■ Activity
Below are records to transcribe in full and unchanged; omit every picture.

(Short web captions)
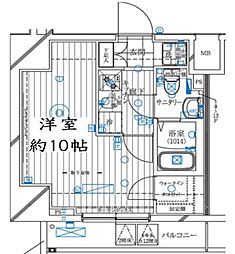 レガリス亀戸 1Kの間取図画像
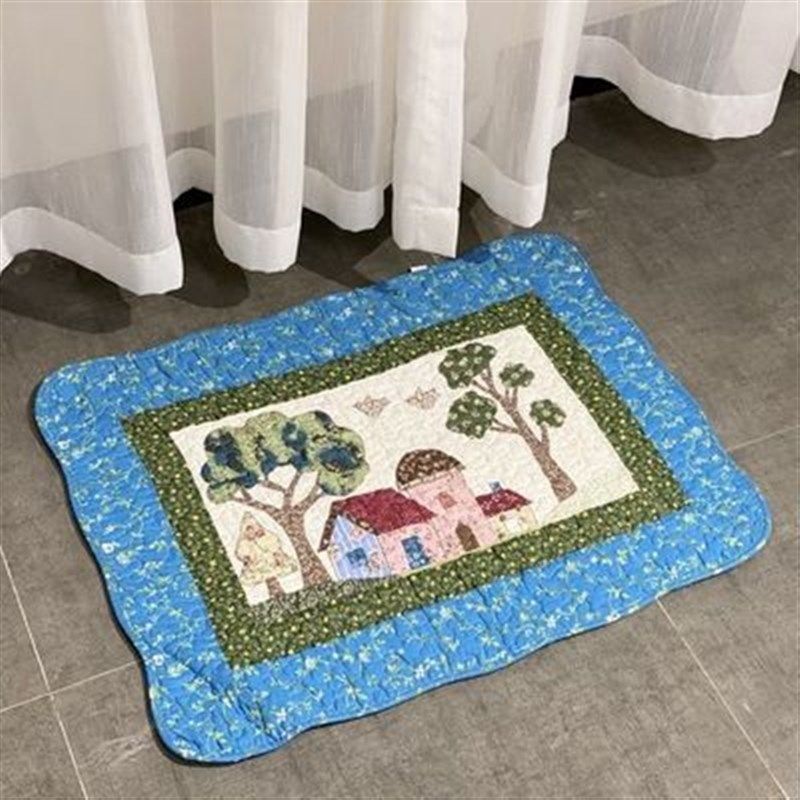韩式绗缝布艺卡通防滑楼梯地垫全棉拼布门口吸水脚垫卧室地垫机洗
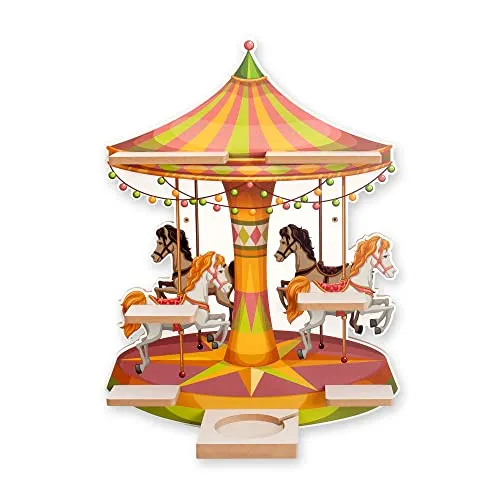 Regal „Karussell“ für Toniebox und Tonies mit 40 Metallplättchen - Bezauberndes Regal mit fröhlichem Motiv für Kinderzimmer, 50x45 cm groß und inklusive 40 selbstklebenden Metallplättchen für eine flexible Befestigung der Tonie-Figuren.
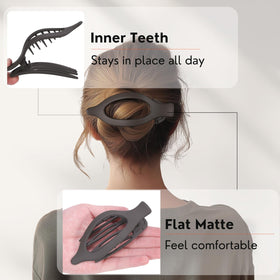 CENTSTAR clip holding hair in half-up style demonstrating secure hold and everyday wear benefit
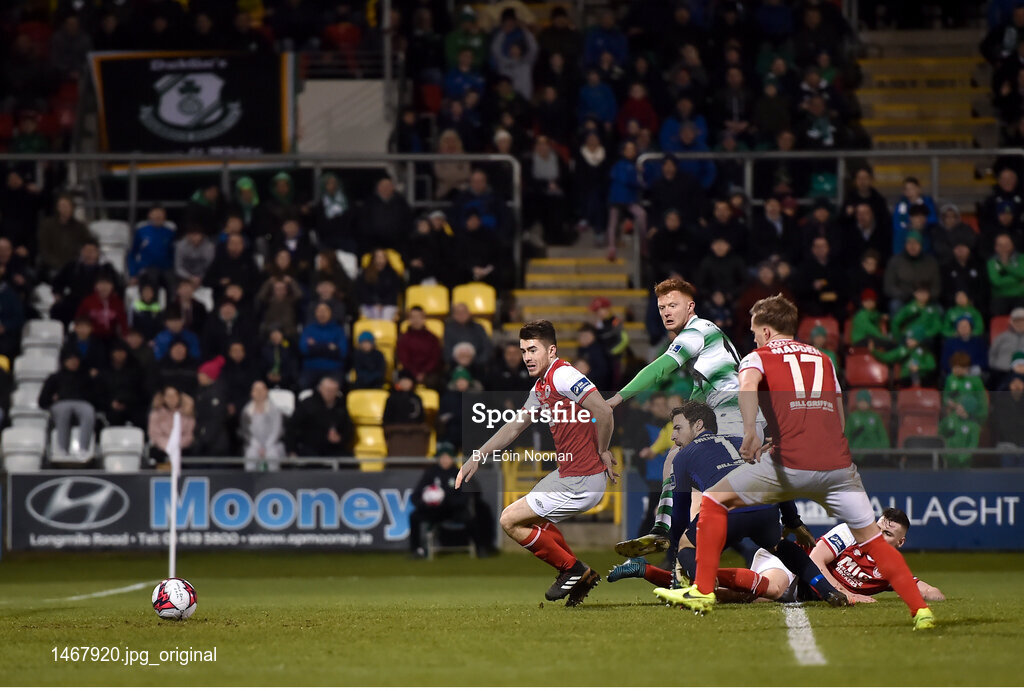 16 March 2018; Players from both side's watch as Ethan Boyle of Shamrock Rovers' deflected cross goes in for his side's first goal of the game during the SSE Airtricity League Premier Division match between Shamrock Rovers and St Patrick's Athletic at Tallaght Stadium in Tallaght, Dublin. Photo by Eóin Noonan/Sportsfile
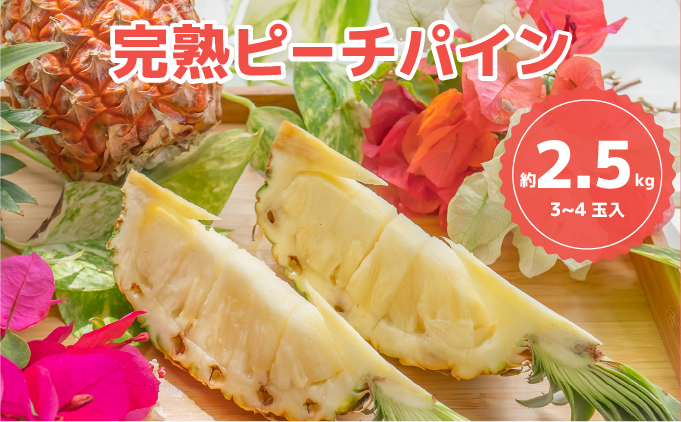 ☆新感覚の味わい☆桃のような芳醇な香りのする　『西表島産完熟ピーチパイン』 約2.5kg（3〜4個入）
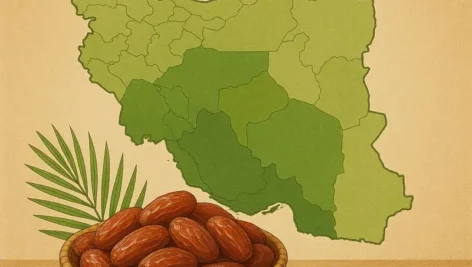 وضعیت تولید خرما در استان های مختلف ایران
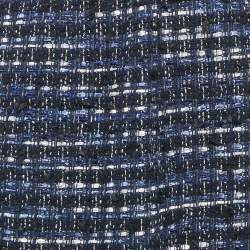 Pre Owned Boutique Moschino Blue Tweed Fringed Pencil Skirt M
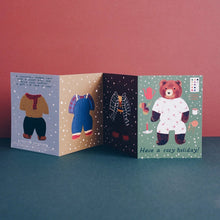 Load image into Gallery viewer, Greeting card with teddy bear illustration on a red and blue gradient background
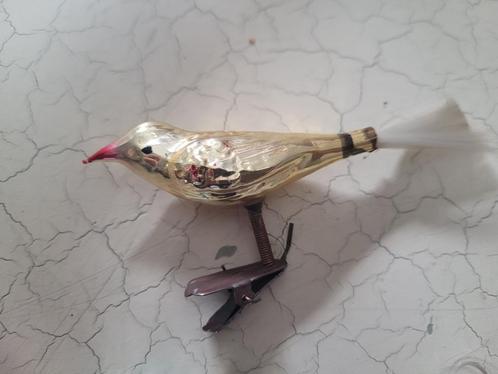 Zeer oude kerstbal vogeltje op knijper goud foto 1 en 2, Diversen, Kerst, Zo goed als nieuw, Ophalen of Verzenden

■ Result for this exercise
 レガリス亀戸 1Kの間取図画像
韩式绗缝布艺卡通防滑楼梯地垫全棉拼布门口吸水脚垫卧室地垫机洗
 Regal „Karussell“ für Toniebox und Tonies mit 40 Metallplättchen - Bezauberndes Regal mit fröhlichem Motiv für Kinderzimmer, 50x45 cm groß und inklusive 40 selbstklebenden Metallplättchen für eine flexible Befestigung der Tonie-Figuren.
 CENTSTAR clip holding hair in half-up style demonstrating secure hold and everyday wear benefit
 16 March 2018; Players from both side's watch as Ethan Boyle of Shamrock Rovers' deflected cross goes in for his side's first goal of the game during the SSE Airtricity League Premier Division match between Shamrock Rovers and St Patrick's Athletic at Tallaght Stadium in Tallaght, Dublin. Photo by Eóin Noonan/Sportsfile
 ☆新感覚の味わい☆桃のような芳醇な香りのする　『西表島産完熟ピーチパイン』 約2.5kg（3〜4個入）
 وضعیت تولید خرما در استان های مختلف ایران
 Pre Owned Boutique Moschino Blue Tweed Fringed Pencil Skirt M
 Load image into Gallery viewer, Greeting card with teddy bear illustration on a red and blue gradient background
 Zeer oude kerstbal vogeltje op knijper goud foto 1 en 2, Diversen, Kerst, Zo goed als nieuw, Ophalen of Verzenden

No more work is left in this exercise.